In Hong Kong, the shares of U.S. listed Chinese firms traded significantly lower on Wednesday morning, with major tech names like Alibaba Group Holding BABA, JD.com Inc JD, Baidu Inc BIDU and Tencent Holdings TCEHY in the red.

Among electric vehicle makers, NIO Inc NIO and Li Auto Inc LI traded on a muted note, while Xpeng Inc XPEV gained about 1.27% after a lower start.

Shares of these Chinese companies ended up falling in the U.S. markets on Tuesday.

The benchmark Hang Seng Index suffered early gains and traded on a muted note amid mixed sentiments from global peers at the time of writing.

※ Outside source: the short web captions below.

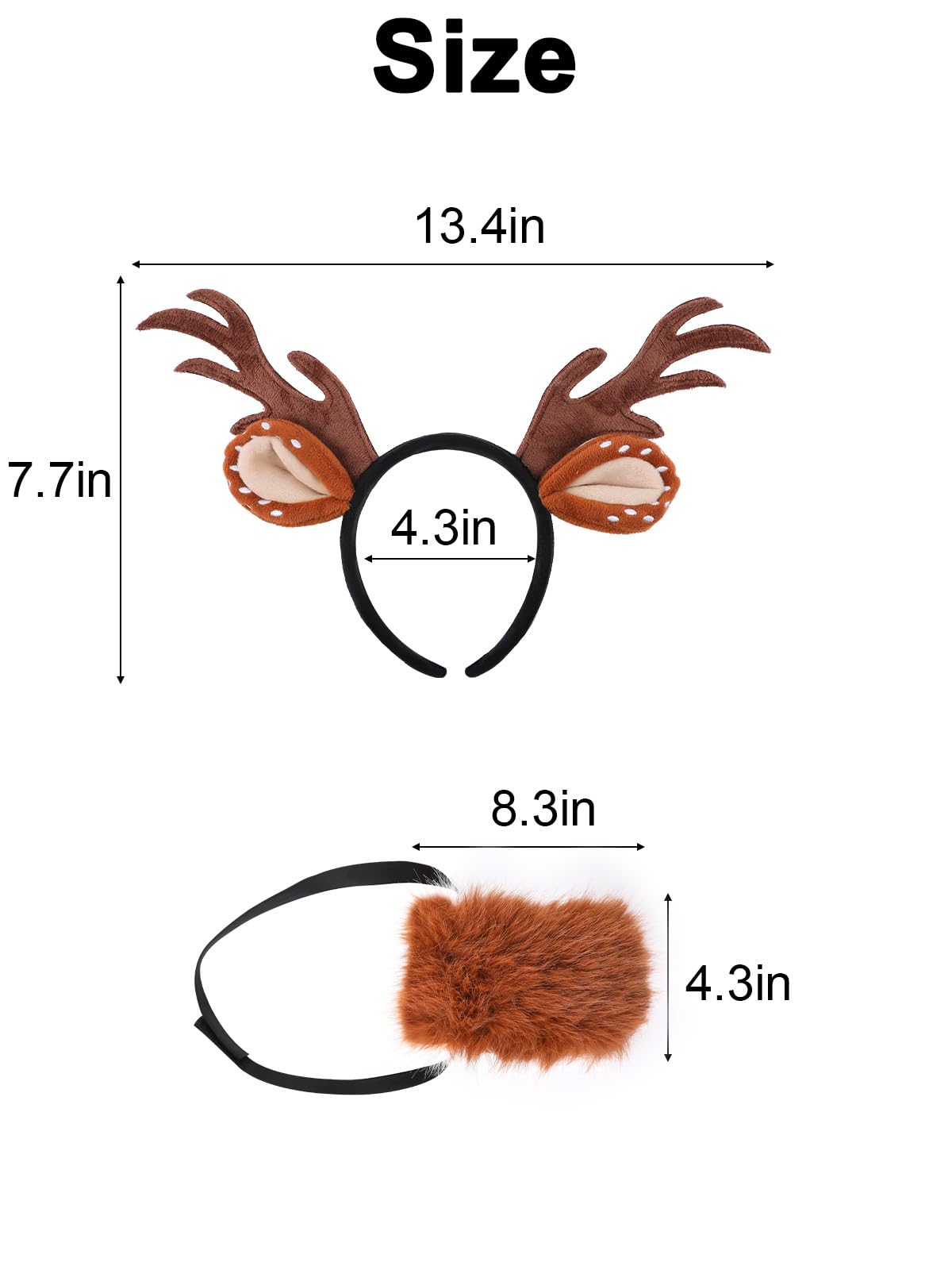 ROC PARTY Reindeer Antlers Headband and Tail Set – Fluffy Deer Ears, Antlers, and Tail for Kids – Brown Animal Costume Accessories for Christmas, Halloween, Party & Cosplay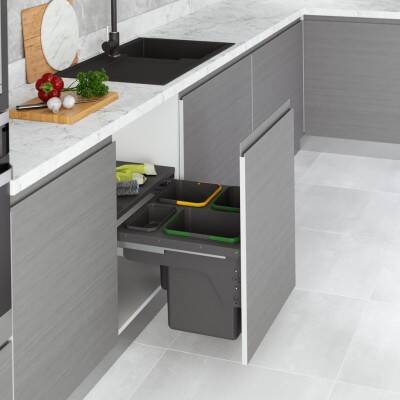 Starax 60cm 16+12+12+1Lt Kapağa Monte Çöp Kovası Frenli Antrasit Renk 3 Kovalı (S-2385-A) - 1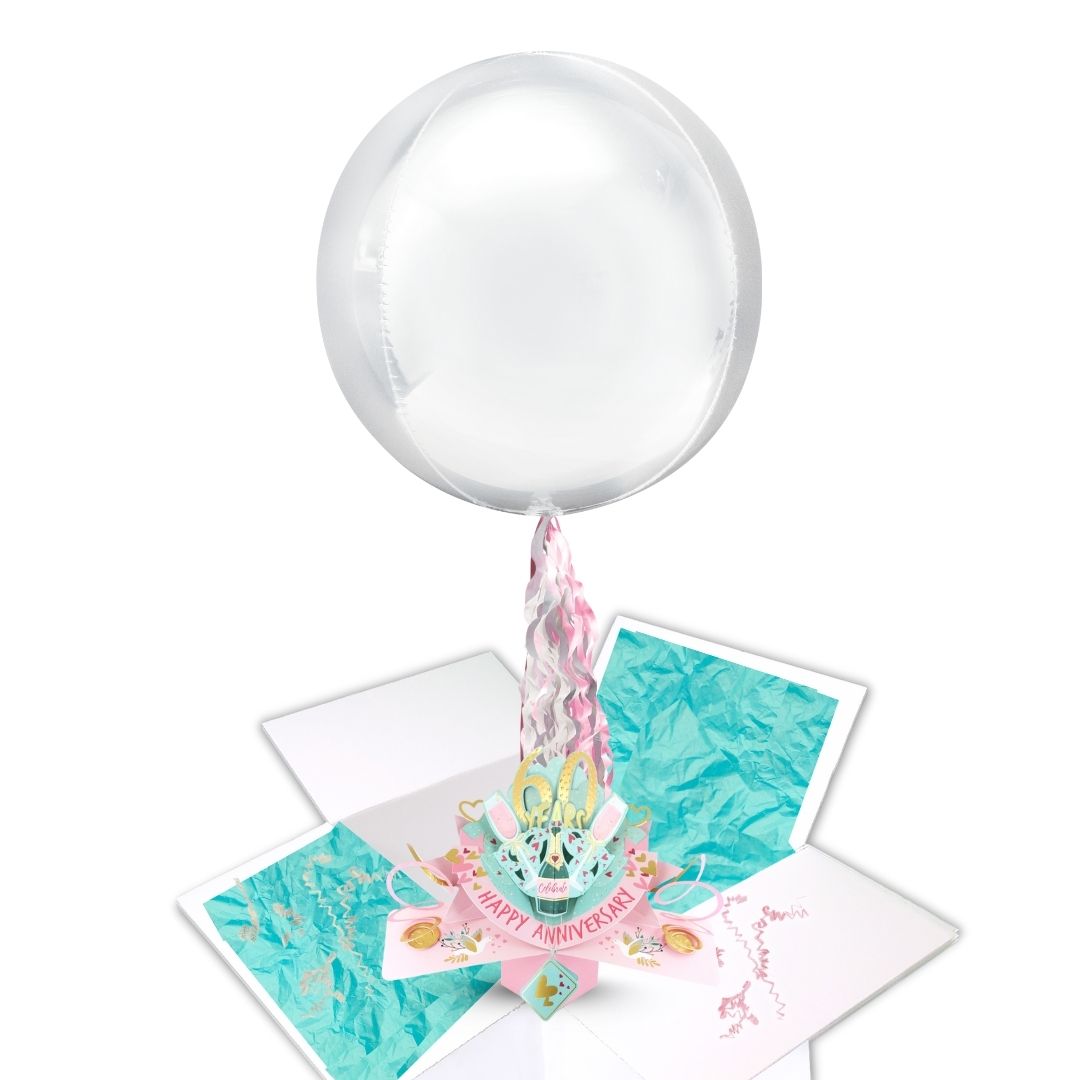 1 To 80' Years Happy 'Every Milestone' Anniversary Pop Up Card & Floating Balloon In A Box Surprise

The indices in the U.S. traded lower, with the Nasdaq Composite Index falling as much as 2.35%.

Australia's ASX 200 and Shanghai's SSE Composite Index pared gains to trade 0.64% and 0.34% higher, while Japan's Nikkei 225 was down 0.13%.

Macro Factors: SEC's international affairs chief, YJ Fischer, said that significant issues remain in reaching a deal with China over a long-running auditing dispute around US-listed Chinese companies.

At the Quad summit, the leaders of the four quad nations — U.S. India, Japan, and Australia — launched a maritime initiative to combat illegal fishing, and pledged to invest more than $50 billion in developing infrastructure in the Indo-Pacific region to counter China's growing influence.

China's central bank said that it met with major lenders this week to review credit flows in the system and urged lenders to quicken loan approvals and maintain the stable supply of financing to the property sector.

According to the data from Benzinga Pro, a whale with a lot of money to spend has taken a noticeably bearish stance on Alibaba. 21 strange trades were detected when looking at the options history for Alibaba.

Mizuho analyst James Lee is more positive on Baidu and JD.Com, among other stocks.

The Chinese electric vehicle startup Nio plans to set up lithium-ion battery labs and a pilot production line for batteries in Shanghai.

JP Morgan and Barclays maintained 'overweight' on XPeng and lowered the price target to $35 and $30, while Bank of America Securities maintained 'Buy' but lowered the price target to $40.